#### Records for this exercise
· · · ·

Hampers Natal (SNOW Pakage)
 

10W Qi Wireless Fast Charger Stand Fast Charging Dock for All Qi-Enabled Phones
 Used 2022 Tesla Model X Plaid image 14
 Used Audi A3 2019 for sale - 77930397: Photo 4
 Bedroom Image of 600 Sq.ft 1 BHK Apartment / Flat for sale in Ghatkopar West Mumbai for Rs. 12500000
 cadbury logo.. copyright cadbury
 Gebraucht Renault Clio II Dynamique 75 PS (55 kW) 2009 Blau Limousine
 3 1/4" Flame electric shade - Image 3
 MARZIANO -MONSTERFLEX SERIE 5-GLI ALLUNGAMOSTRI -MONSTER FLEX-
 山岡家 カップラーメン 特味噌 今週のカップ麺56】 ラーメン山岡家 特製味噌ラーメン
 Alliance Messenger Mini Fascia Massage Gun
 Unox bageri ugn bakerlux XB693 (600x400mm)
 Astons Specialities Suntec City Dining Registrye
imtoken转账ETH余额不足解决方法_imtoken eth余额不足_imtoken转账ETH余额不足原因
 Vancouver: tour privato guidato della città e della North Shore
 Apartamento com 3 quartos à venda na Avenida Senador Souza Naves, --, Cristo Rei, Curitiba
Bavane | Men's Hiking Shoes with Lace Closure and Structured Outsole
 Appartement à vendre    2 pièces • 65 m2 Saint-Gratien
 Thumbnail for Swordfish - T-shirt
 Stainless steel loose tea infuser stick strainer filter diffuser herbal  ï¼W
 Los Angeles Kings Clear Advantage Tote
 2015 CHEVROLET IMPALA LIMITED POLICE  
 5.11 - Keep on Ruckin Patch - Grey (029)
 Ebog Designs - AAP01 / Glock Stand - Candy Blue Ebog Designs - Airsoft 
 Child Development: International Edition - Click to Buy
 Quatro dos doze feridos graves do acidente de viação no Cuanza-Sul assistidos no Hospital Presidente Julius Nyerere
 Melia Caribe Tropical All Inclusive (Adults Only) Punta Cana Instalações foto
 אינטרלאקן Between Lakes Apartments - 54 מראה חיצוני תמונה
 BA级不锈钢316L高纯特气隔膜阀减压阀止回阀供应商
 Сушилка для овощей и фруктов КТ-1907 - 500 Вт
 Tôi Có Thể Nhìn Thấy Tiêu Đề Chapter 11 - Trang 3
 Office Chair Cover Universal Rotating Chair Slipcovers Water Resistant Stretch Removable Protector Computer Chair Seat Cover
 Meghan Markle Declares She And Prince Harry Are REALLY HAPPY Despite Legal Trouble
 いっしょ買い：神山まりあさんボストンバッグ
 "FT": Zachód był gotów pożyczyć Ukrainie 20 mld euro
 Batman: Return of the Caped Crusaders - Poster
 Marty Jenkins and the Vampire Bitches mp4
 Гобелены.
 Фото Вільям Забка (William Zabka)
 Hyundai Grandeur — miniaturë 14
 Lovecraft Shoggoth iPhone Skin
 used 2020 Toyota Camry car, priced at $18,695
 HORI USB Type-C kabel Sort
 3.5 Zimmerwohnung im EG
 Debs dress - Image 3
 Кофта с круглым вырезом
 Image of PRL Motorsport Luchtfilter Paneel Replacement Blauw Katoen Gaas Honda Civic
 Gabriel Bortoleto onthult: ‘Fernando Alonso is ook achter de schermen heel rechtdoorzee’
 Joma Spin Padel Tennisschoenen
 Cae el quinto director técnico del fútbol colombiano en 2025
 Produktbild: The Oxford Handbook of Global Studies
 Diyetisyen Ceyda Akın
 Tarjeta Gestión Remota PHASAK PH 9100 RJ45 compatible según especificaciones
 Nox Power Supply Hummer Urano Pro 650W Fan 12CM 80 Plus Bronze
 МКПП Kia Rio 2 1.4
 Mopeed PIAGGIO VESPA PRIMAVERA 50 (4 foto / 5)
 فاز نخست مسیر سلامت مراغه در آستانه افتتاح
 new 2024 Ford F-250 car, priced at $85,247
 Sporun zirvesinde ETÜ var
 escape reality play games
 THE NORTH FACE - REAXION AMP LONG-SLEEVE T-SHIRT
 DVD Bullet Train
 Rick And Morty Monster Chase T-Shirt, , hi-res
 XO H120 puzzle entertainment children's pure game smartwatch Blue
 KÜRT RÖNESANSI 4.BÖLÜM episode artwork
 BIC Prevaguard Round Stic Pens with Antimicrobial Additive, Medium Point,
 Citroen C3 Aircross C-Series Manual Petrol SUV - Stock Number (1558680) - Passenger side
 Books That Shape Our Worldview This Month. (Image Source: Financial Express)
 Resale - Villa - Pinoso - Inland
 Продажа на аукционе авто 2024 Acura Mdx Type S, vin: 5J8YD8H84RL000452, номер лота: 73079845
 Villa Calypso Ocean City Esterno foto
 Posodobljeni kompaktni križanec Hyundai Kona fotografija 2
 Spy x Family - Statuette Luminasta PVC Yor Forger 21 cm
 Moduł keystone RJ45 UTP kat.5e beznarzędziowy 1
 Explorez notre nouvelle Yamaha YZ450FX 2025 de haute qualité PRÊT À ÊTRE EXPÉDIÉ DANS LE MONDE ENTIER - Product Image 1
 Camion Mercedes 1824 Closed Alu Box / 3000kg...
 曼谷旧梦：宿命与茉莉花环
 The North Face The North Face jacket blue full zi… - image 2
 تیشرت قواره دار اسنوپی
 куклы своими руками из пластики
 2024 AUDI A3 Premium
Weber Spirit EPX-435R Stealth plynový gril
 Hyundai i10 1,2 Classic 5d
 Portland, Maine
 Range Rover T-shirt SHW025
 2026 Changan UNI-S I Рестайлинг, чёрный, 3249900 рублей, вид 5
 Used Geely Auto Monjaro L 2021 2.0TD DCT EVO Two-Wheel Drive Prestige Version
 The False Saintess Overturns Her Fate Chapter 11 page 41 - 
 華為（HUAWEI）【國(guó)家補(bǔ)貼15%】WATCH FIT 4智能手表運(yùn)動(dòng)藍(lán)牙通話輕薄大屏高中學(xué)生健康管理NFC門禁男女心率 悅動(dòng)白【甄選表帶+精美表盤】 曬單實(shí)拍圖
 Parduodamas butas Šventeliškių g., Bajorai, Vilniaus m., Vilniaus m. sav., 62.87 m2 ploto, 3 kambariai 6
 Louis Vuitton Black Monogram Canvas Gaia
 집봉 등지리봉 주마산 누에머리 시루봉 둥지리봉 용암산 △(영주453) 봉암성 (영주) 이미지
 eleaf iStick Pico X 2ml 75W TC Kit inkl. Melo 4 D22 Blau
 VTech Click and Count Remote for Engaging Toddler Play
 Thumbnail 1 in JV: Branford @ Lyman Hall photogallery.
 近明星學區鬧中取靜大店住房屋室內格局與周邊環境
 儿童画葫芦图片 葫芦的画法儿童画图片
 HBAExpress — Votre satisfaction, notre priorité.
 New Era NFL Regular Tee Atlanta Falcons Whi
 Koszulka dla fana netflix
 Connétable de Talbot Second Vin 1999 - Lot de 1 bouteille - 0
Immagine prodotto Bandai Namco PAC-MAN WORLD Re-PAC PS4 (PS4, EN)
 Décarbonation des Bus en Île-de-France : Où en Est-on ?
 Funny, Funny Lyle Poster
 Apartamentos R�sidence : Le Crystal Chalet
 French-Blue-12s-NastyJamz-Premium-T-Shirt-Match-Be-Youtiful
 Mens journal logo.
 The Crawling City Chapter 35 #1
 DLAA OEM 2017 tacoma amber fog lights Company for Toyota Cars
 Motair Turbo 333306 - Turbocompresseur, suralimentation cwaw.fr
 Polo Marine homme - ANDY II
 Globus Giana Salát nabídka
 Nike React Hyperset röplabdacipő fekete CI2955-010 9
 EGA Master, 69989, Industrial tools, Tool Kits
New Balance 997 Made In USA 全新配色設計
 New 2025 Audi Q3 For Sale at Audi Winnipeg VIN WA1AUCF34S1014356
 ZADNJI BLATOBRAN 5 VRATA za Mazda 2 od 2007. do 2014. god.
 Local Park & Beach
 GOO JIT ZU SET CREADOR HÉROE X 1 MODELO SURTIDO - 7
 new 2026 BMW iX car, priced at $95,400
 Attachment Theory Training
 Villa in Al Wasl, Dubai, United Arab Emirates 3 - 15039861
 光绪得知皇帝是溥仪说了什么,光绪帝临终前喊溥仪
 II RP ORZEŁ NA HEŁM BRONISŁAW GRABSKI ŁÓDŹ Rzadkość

· · · ·

#### Your goal
Your answer should be the lines above from the one containing "Funny, Funny Lyle Poster" through the one containing "Attachment Theory Training", copied exactly and with both ends kept.

#### Answer space
 Funny, Funny Lyle Poster
 Apartamentos R�sidence : Le Crystal Chalet
 French-Blue-12s-NastyJamz-Premium-T-Shirt-Match-Be-Youtiful
 Mens journal logo.
 The Crawling City Chapter 35 #1
 DLAA OEM 2017 tacoma amber fog lights Company for Toyota Cars
 Motair Turbo 333306 - Turbocompresseur, suralimentation cwaw.fr
 Polo Marine homme - ANDY II
 Globus Giana Salát nabídka
 Nike React Hyperset röplabdacipő fekete CI2955-010 9
 EGA Master, 69989, Industrial tools, Tool Kits
New Balance 997 Made In USA 全新配色設計
 New 2025 Audi Q3 For Sale at Audi Winnipeg VIN WA1AUCF34S1014356
 ZADNJI BLATOBRAN 5 VRATA za Mazda 2 od 2007. do 2014. god.
 Local Park & Beach
 GOO JIT ZU SET CREADOR HÉROE X 1 MODELO SURTIDO - 7
 new 2026 BMW iX car, priced at $95,400
 Attachment Theory Training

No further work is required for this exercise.